** Opening Dataset block **
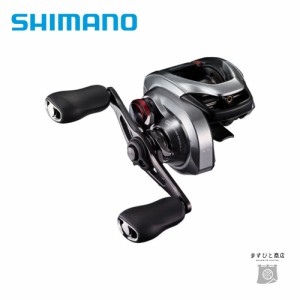 シマノ 21 スコーピオンDC 150XG 送料無料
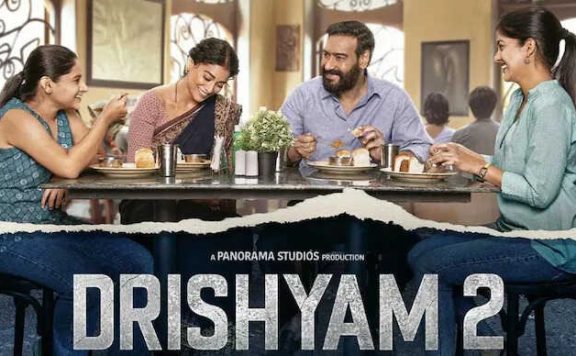 drishyam2_advance_booking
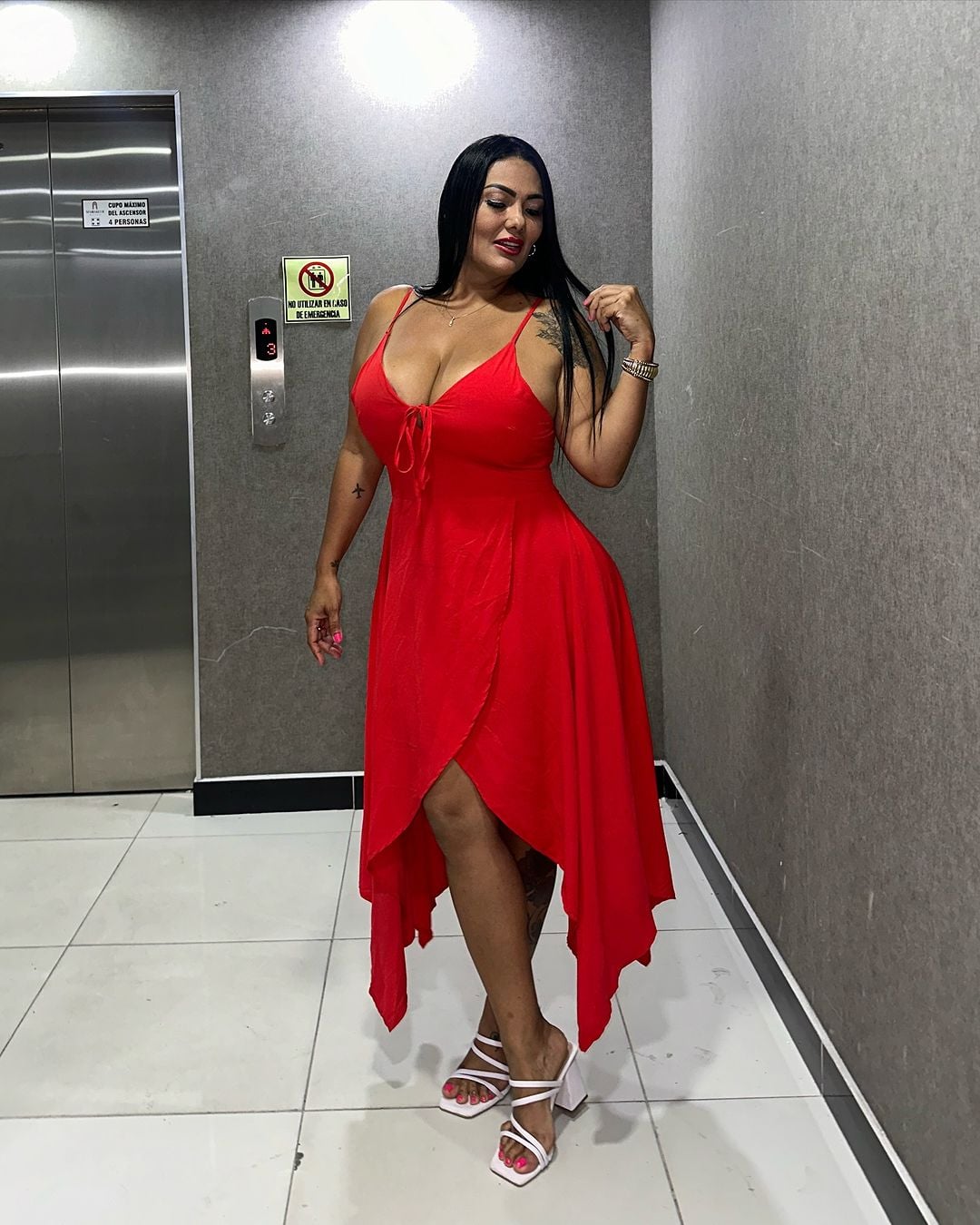 Jenny Parga nude 7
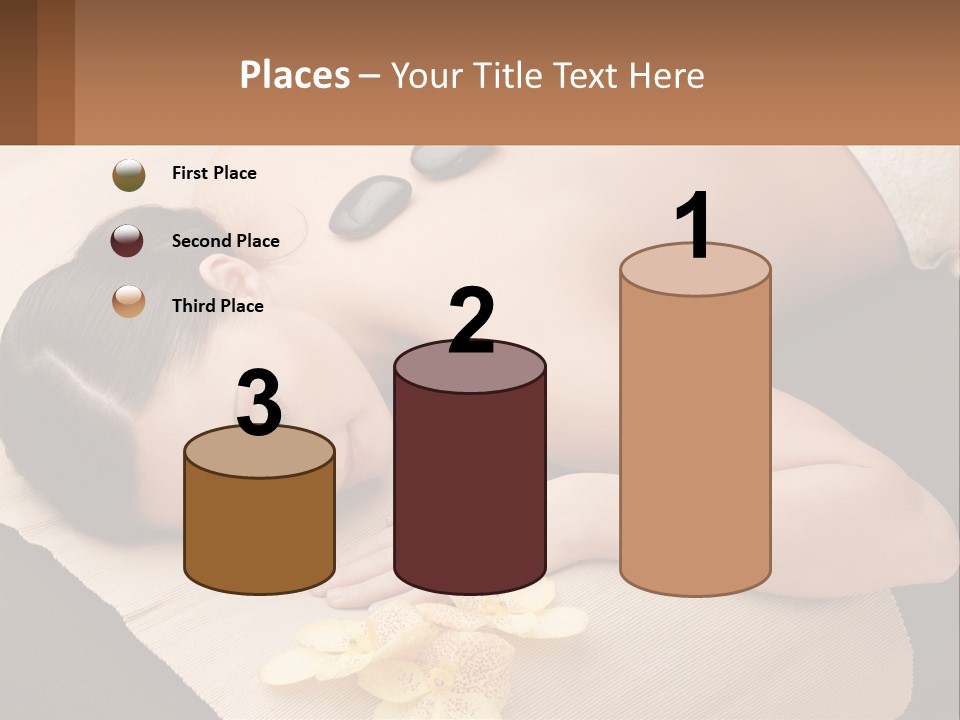 Cold Ventilation Home PowerPoint Template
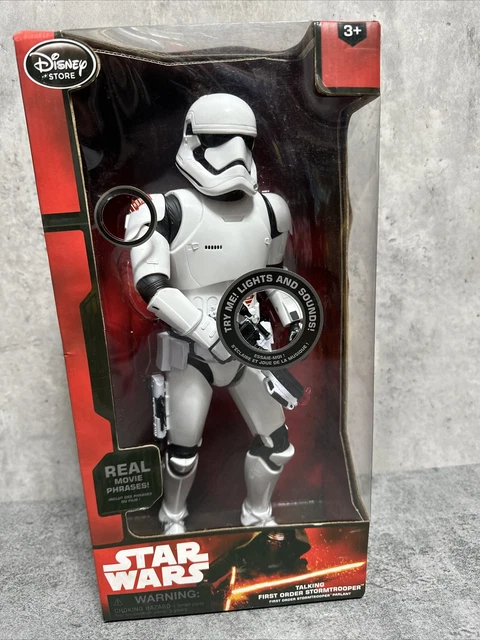 STAR WARS/Force of Arousal World Collectible Figure Premium - First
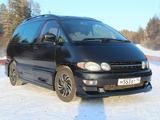 Toyota Estima Lucida 1996 года за 800 000 тг. в Алматы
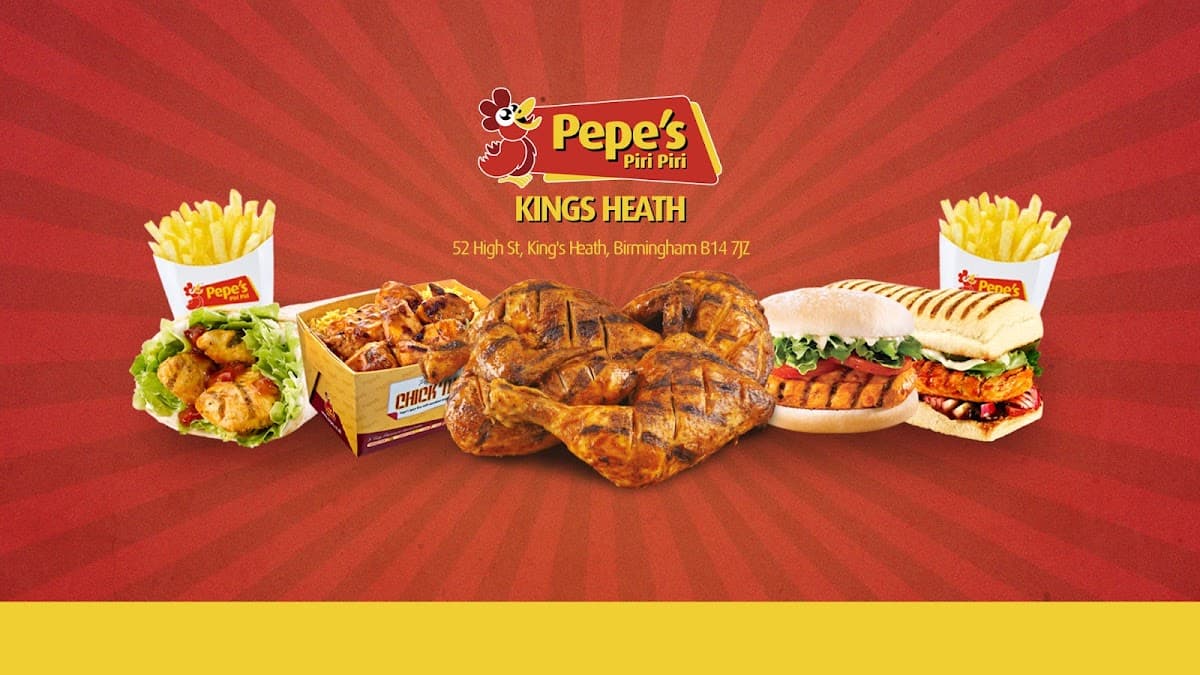 Pepe's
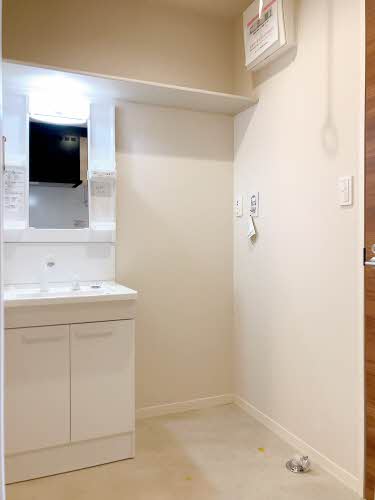 インステージ（Ｉｎ　ｓｔａｇｅ）繁昌Ⅰ A105号-5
** Closing Dataset block **
Nothing but the pictures should be left out when the material above is copied.

→ Result
 シマノ 21 スコーピオンDC 150XG 送料無料
 drishyam2_advance_booking
 Jenny Parga nude 7
 Cold Ventilation Home PowerPoint Template
 STAR WARS/Force of Arousal World Collectible Figure Premium - First
 Toyota Estima Lucida 1996 года за 800 000 тг. в Алматы
 Pepe's
 インステージ（Ｉｎ　ｓｔａｇｅ）繁昌Ⅰ A105号-5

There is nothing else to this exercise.